This is a response to Puppy Games Blog Post by Caspian Prince, 'Because You're Worthless: The Dark Side of Indie PR'
Let me start by saying that I think that Puppy Games is an amazing company, and if I ever sell half the number of games that they have, I will be very lucky. I'm not saying that in a conceding or sarcastic manner either; the last game I released sold 3 copies, so I'm guessing they might be 1000x to 10000x more successful than me! Please keep that in mind while you read this post, and understand that in no way am I more 'qualified' to speak on the subject of indie marketing than they are. What I am going to describe is simply what I believe and what I am trying to do now. No doubt I make countless marketing and development mistakes, but my hope is that this alternate viewpoint might encourage other struggling indie developers.
Let's talk about customers. Caspian says that "you are worthless to us", and goes on to show how after sales, bundles, Steam and the tax man, a $20 product goes to on to sell for mere pennies to the dev. I'm not going to debate the math - at that rate, it's really hard to make a profit.

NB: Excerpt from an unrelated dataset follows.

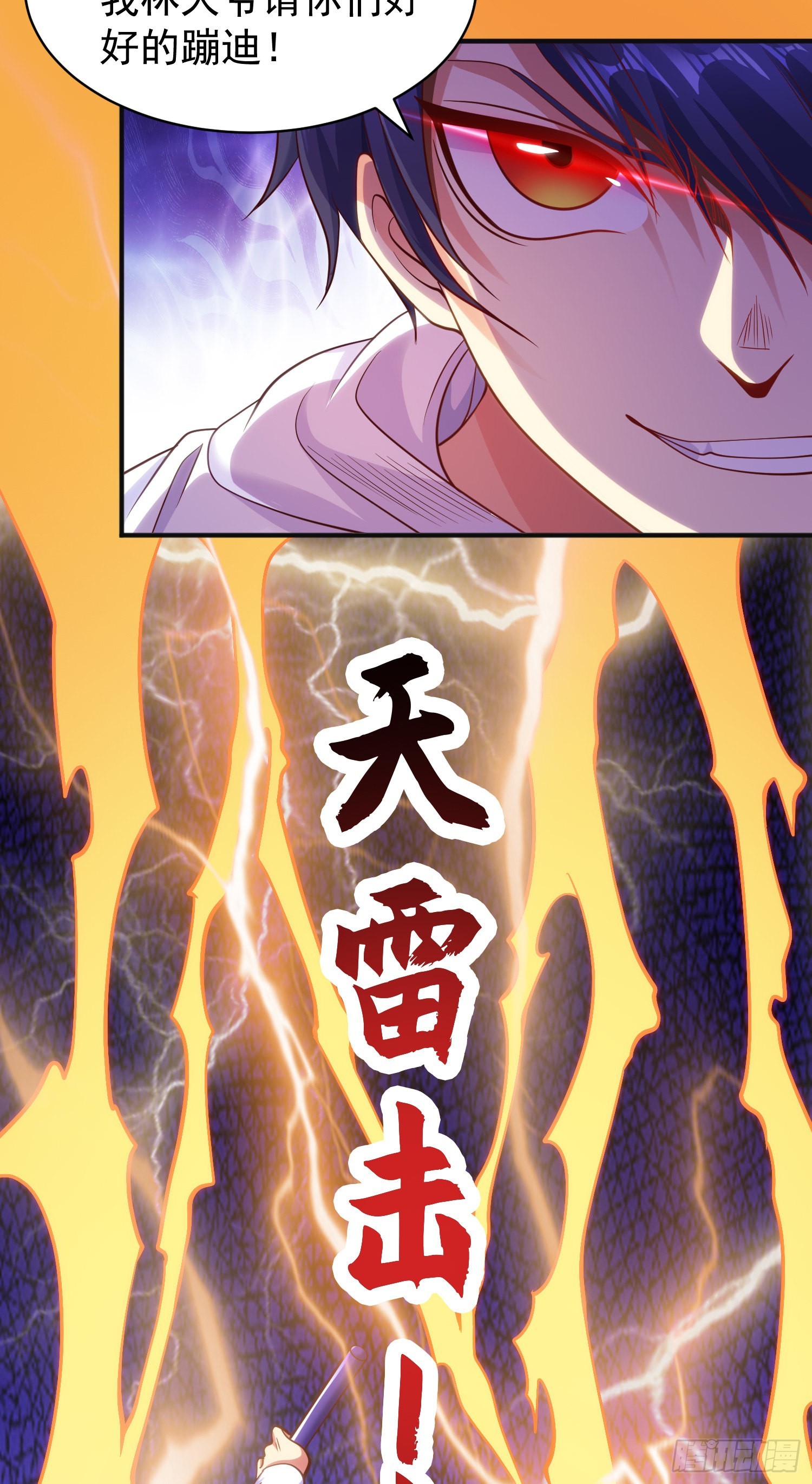 第92话 云希的禁忌异能！23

It is not enough to just make a great game in the age of bundles, Steam and Big Fish Games. Games themselves are being commoditized, sold in virtual bargain bins for dimes on the dozen. What I'm going to suggest is not changing the math on customers, but changing those customers into fans.
There are two ways to influence human behavior - manipulation and inspiration (Simon Sinek, Start With Why). Steam Sales, Bundles, any price cut - all fall into the manipulation category. There is no doubt that price manipulation is highly effective. But there is a heavy cost to this - your customers start expecting it as the norm. And suddenly we're routinely selling $20 products for pennies on the dollar and wondering why people are unwilling to pay more. The fault does not lie with one person or company, but with all of us. We sacrifice our long term profitability to drive more business. We get more customers, but we don't get any loyalty. The only way to beat the game is to quit playing.
Turning someone who pays $0.25 for a finished product to someone who pledges $100 on Kickstarter for your idea is long process of giving, giving and giving until it hurts (Gary Vaynerchuk, Jab, Jab, Jab Right Hook). Here is a secret: as human beings, we have a wired weak spot to respond to kindness (something that allows us to survive as a tribe instead of killing each other). A little genuine kindness goes a long way in creating loyalty. Loyalty is also generated by the other side of the manipulation coin, inspiration. Inspiration is creating a cause, an idea, a WHY strong enough that people want to represent that idea in their own lives. And when you have loyalty, everything changes. Loyalty frees you from the gatekeepers - you get around splitting sales w/Steam if all your customers buy your product straight on your website. Loyalty makes Lets Play videos and markets you on Facebook and Twitter for free. Loyalty doesn't care about price and won't wait to buy your game on sale; it buys it on early access for 20% extra.
It sounds like PuppyGames were great in supporting their customers in technical support. That's the kind of thing that should be talked about more, the kind of thing that earns retweets and likes - I'm surprised it has not earned them a more loyal fan base. So maybe loyalty can't be 100% effective - I can't give you concrete statistics on the math of kindness. But doesn't it make more sense to fight for customer loyalty than try to manipulate our way to profitability? We can't control what the market does or the tricks our competitors use; we can inspire our fans and be kind to our customers. I can't say if the inspiration approach will ever be profitable for me, but it fits the WHY of my company (Better Games, Better Lives, To share with the world) so it is what I'm going try to do.
Finally, let me acknowledge that being an indie developer out on the internet can be pretty awful. You pour your time, effort and hope into your project only to have it trashed by random strangers. Why does it hurt so much? Why do we let it keep us up a night? I understand Caspian Prince when he talks about dark corners of the internet, the negativity that pulls down every indie developer brave enough to publish their work. It is a fight to stay positive. I try to keep this quote from 'Ratatouille' in mind:
"In many ways, the work of a critic is easy. We risk very little, yet enjoy a position over those who offer up their work and their selves to our judgment. We thrive on negative criticism, which is fun to write and to read. But the bitter truth we critics must face, is that in the grand scheme of things, the average piece of junk is probably more meaningful than our criticism designating it so."
If there's any solace to seek, it is the knowledge that you have the opportunity to be an artist in a world of critics. Maybe that's enough.
So to PuppyGames and to all the Indie devs who may see an increasingly bleak market and a hostile and unforgiving world: I would just encourage you to keep doing great work, keep being kind to your customers, and continue to inspire your loyal fans; I know you have inspired me.